Freeman Foundation is a Washington DC-based private foundation that operates as an invitation-based grantmaker exclusively focused on LGBTQ+ rights, sexual liberation, and trans justice, with particular emphasis on the American South. Founded in 1990 and operating as a trust (EIN 52-1667228) from 1717 K St NW, it has no public website, no published RFP, and no application portal — a deliberate posture that reflects its relationship-driven, trustee-directed model.
The foundation's giving philosophy centers on sustained community investment rather than project-based funding. More than 65% of all grants carry the designation 'general support,' signaling a preference for building organizational capacity over funding discrete programs. When specific projects are funded — the Creating Change Conference sexual liberation track, the Trans Emergency Care Program, the Queer Mobilization Fund — they tend to be movement infrastructure: convenings, rapid-response vehicles, and community assessment tools that benefit entire ecosystems rather than single organizations.
The trustee composition shapes the agenda meaningfully. Rea Carey served as Executive Director of the National LGBTQ Task Force from 2007-2018, during which time the Creating Change Conference grew into the largest national LGBTQ+ gathering. Her continued trusteeship explains Freeman's multi-year investment in Task Force programming and conference scholarships. Rye Young is a nationally recognized trans activist and organizer, explaining the foundation's emergency-response grants for trans youth and its support for trans housing programs. Ryan Li Dahlstrom brings community-based LGBTQ advocacy expertise. Trustee Weston F. Milliken serves as the contact person and likely primary donor.

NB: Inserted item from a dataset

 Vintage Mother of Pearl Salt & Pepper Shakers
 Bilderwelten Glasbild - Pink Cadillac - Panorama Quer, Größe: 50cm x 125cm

First-time applicants must understand there is no cold-application pathway to the foundation itself. The relationship progression runs: organizational visibility within Southern LGBTQ+ networks → trustee or peer-grantee referral → initial invitation for general support → escalating multi-year investment. Alliance for Full Acceptance (AFFA) of South Carolina is the single structured entry point for smaller organizations — AFFA administers a small grants program using Freeman dollars for LGBTQ+ youth-serving organizations across SC, NC, and GA, distributing upward of $60,000 annually. This is the only publicly accessible application process connected to Freeman funding.

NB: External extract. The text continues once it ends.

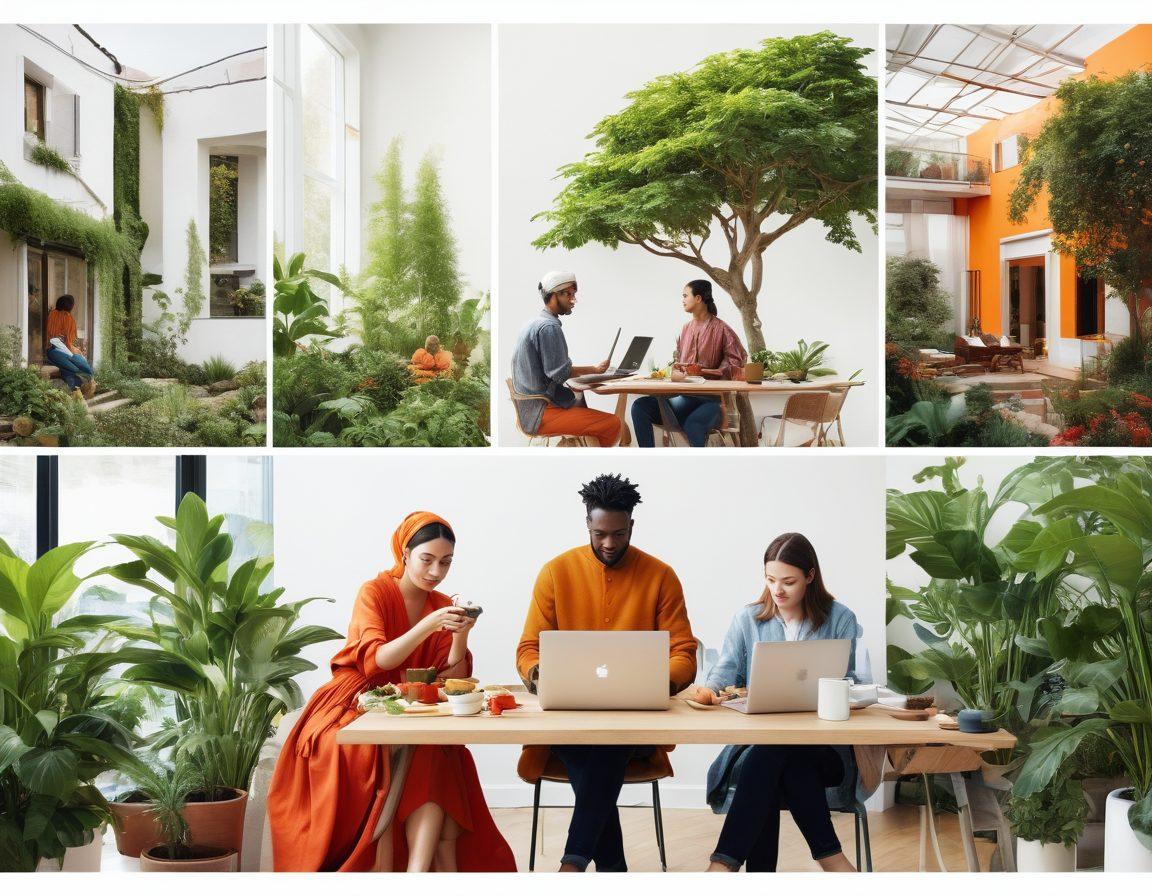 A dynamic collage showcasing diverse cultural trends influencing modern lifestyles, featuring individuals engaged in sustainable fashion, digital nomadism, technology integration like smart homes, and plant-based cuisine. Blend elements of urban and natural settings to highlight the fusion of tradition and innovation. Use a vibrant color palette to reflect energy and diversity. super-realistic. vibrant colors. white background.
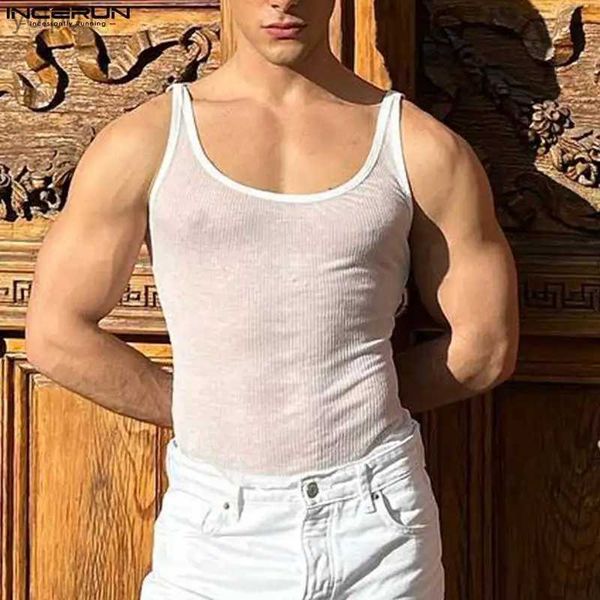 Männer T-Shirts 2023 Männer Tank Tops Solide Oansatz Sleless Atmungsaktive Transparente Sexy Dünne Westen Streetwear Mode Männer Kleidung S-5XLL231216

Organizations that have received 5+ grants from Freeman — AFFA (11 grants, $570,000), Campaign for Southern Equality (7 grants, $325,000), Southern Vision Alliance (5 grants, $190,000) — illustrate the depth and durability of core partnerships. Building toward that kind of relationship requires sustained presence at the convenings and within the organizational networks that Freeman's trustees actively inhabit.
Freeman Foundation distributed $719,500 across 23 grants in FY2024, up from $573,500 (27 grants) in FY2023, $494,000 (FY2022), and $501,500 (FY2021). The FY2025 filing shows approximately $781,641 in charitable disbursements — a consistent upward trend since FY2019 when grants totaled $527,500. Total assets have grown from $8.8M (FY2019) to $21.1M (FY2025), driven primarily by ongoing donor contributions that reached $3.45M in FY2024 alone.

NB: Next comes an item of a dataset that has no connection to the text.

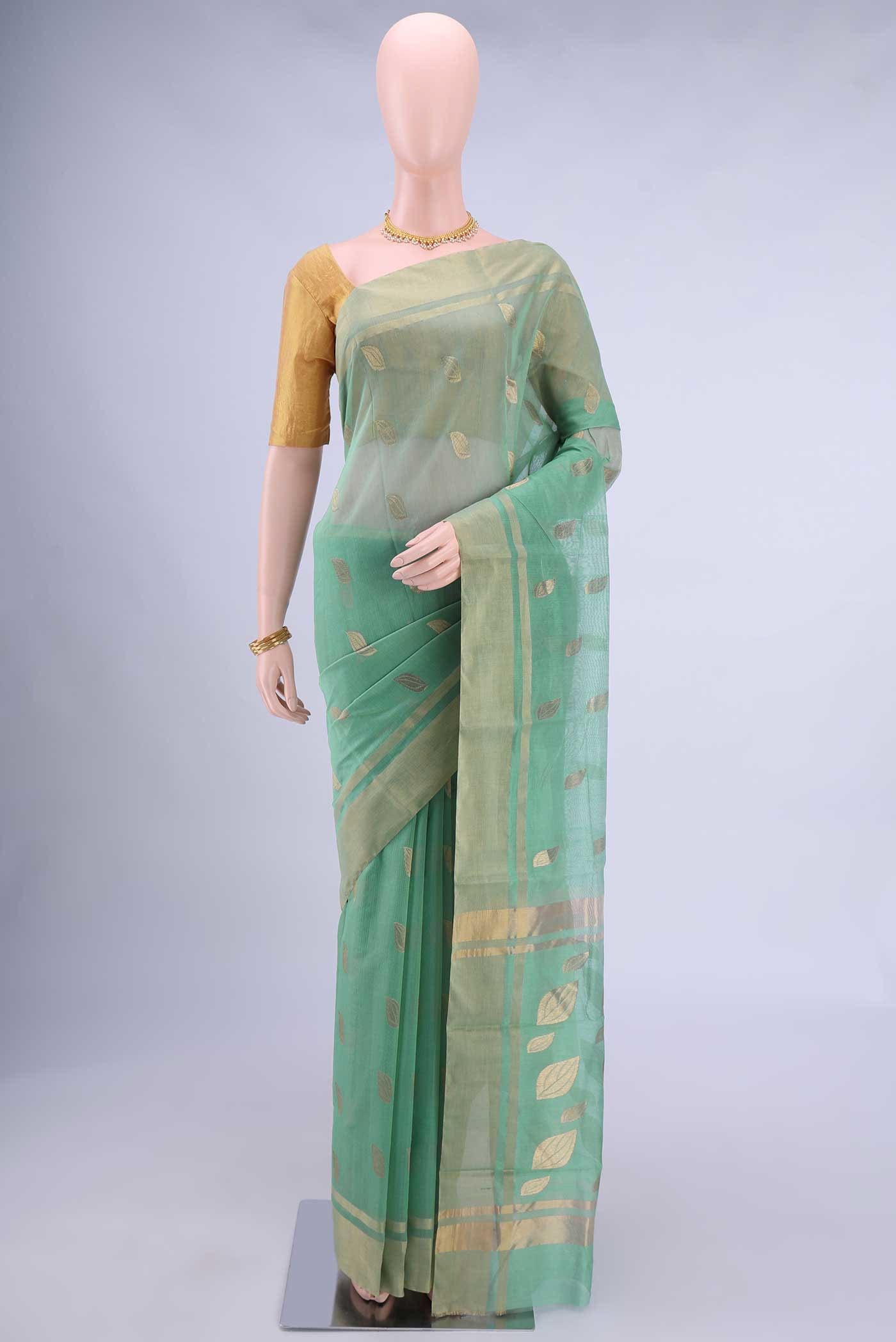 Pista Green Chanderi Silk Cotton Saree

Grant size: The foundation's own typical grant data shows a minimum of $2,500, maximum of $80,000, and median of approximately $15,000 across the full tracked portfolio of 153 grants totaling $3,312,500. In FY2024 specifically, the average per-grant was approximately $31,300 (23 grants, $719,500), pulled upward by a handful of large anchor grants. The range in recent years spans from $2,500 trustee-recommended discretionary grants to $130,000 (Southern Vision Alliance, Queer Mobilization Fund — the largest single grant documented in the foundation's public history).
By program area (estimated from grantee purpose data): - General support to core Southern LGBTQ+ organizations: ~55% of total giving - Trans rights, emergency response, and trans justice: ~15% - Sexual liberation / sex worker rights (via Sex Worker Giving Circle, Sex Down South): ~12% - Conference and convening support (Creating Change, Sexual Liberation Collective): ~10% - LGBTQ+ health equity (Health Equity Summits, HEAL Project): ~5% - Trustee-recommended discretionary grants ($2,500-$5,000): ~3%
Geographic distribution (by grant count across 153 tracked grants): - South Carolina: 44 grants (29%) — the dominant state, heavily concentrated in Charleston/Columbia/Spartanburg corridor - North Carolina: 31 grants (20%) - Georgia: 22 grants (14%) — primarily Atlanta-based organizations - New York: 13 grants (9%) - Massachusetts: 14 grants (9%) - California: 12 grants (8%) - DC: 9 grants (6%) - Other (PA, MN, AZ): 8 grants (5%)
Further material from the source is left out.